Compared with simple correlation analysis, canonical correlation analysis may sometimes be affected by some factors, and what it reflects is superficial rather than essential connection, and sometimes it is even a false appearance. Therefore, typicality correlation analysis has its unique role in correlation analysis.
Linear Combinations of Canonical Correlation Analysis
Assume two sets of variables X1, X2,...,Xp and Y1, Y2,...,Yp, then their linear combination can be expressed as:
This linear combination is called the first canonical correlation variable, and can also be extended to the general case, that is, the i-th (i ≧ 1) canonical correlation variable.
Conditions to be met for typical correlation analysis
Canonical correlation analysis is performed on the premise that the original data meets certain conditions and assumptions. These conditions include that the original variables must obey a multivariate normal distribution , and the sample size must be at least greater than the number of original variables (generally 10 to 20 times the number of variables). ) , these assumptions include that there must be correlation between the two groups of variables , that typical variables can be synthesized from each group of original variables, that is, there must be a certain correlation within the original variable group , etc. If these conditions and assumptions cannot be met, canonical correlation analysis cannot be performed.
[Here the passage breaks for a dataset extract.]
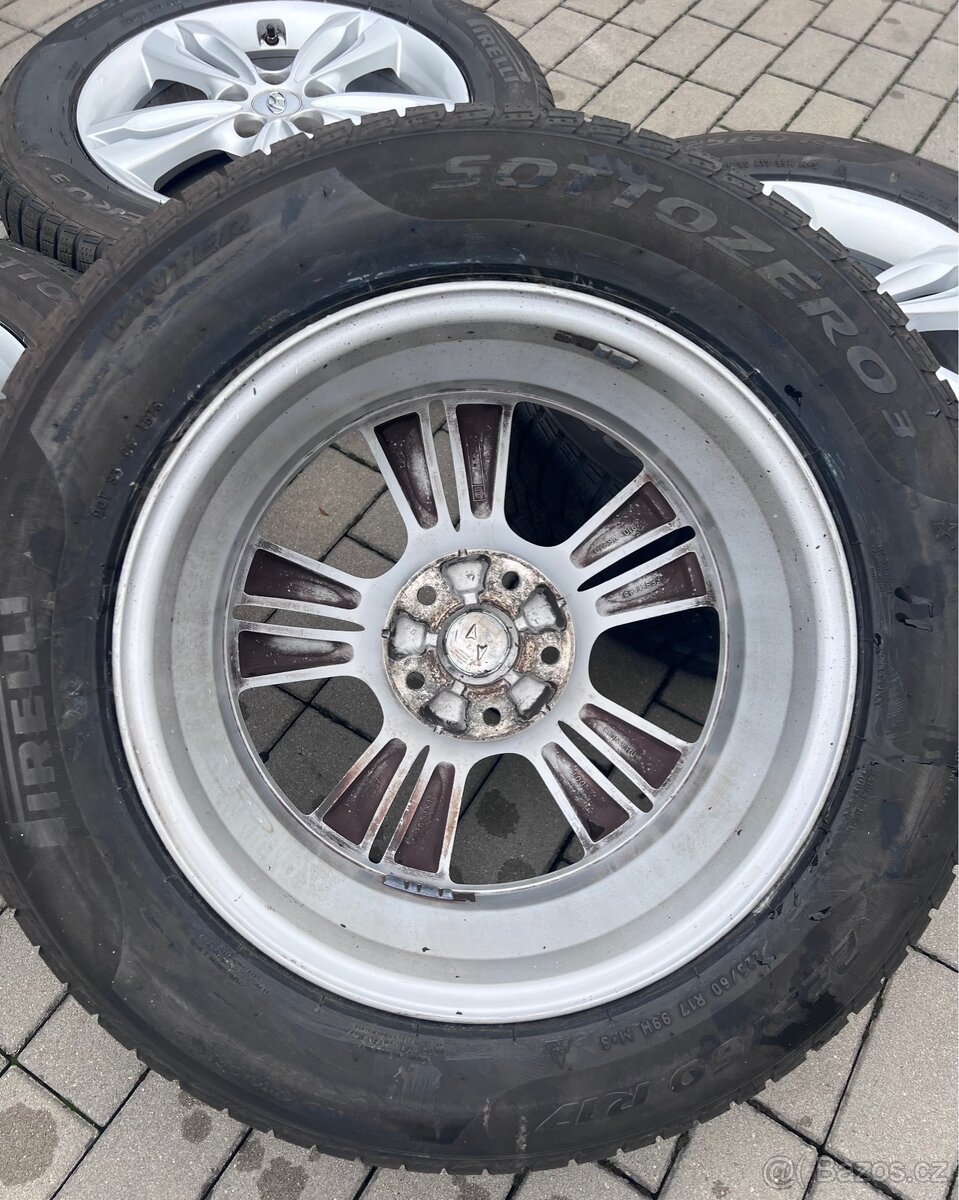 Hyundai Tucson, i35- 17"alu+ 225/60 Pirelli 7-8mm - 6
General steps of canonical correlation analysis
case analysis
To explore the correlation between growth and development indicators and physical fitness of primary school students, a city conducted a survey on the physical fitness of primary school students. Four growth and development indicators of 84 10-year-old boys: vital capacity (L), height (cm), weight (Kg), chest circumference (cm) and four indicators reflecting physical fitness: 50m run (s), high jump (cm) ), long jump (m), and medicine ball throw (m) for typical correlation analysis. (Data source: Medical Statistics 4th Edition, edited by Sun Zhenqiu and others)
Data view
variable view
Teach you step by step
There is no corresponding menu operation in the statistical software SPSS23.0 and below, so it needs to be completed using syntax.
[1] Create a new grammar: click "File" "New" "Grammar"
[2] The following interface pops up, enter the syntax code:
INCLUDE ' C:\ProgramFiles\IBM\SPSS\Statistics\22\Samples\English\Canonical correlation . sps '. This statement is the installation location of '' Canonical correlation.sps" . You need to enter the location of your own file.
CANCORR SET1 = x1 x2 x3 x4 / SET2 = y1 y2 y3 y4 .
[3] After entering the syntax, click "Run"
Result analysis
①
The correlation coefficient between variables x1 x2 x3 x4; the correlation coefficient between variables y1 y2 y3 y4;
②
Correlation coefficient between two sets of variables
③
The first column is the typical correlation coefficients, which are λ1=0.871, λ2=0.312, λ3=0.164, λ4=0.053; the second column is the test of each typical correlation coefficient. From the results, it can be seen that the first typical correlation coefficient is in α There is statistical significance when =0.05;
④
Standardized U-Canonical Correlation Variables vs. Unstandardized (Original) U-Canonical Correlation Variables
Standardized V canonical correlation variables vs. unstandardized (original) V canonical correlation variables
The standardized first canonical correlation variable can be expressed as:
U1=-0.099X1-0.462X2-0.066X3-0.525X4
V1=0.176Y1-0.791Y2-0.153Y3-0.059Y4
In the same way, other typical correlation variables can be written
From the above expression, it can be seen that U1 is mainly affected by X2 (height) and X4 (chest circumference); V1 is mainly affected by Y2 (high jump) and Y1 (50m run); in addition, through the typical The positive or negative correlation coefficient can determine the positive or negative correlation between variable X and variable Y. Taking variable Y1 as an example, each variable in U1 is negatively correlated with Y1.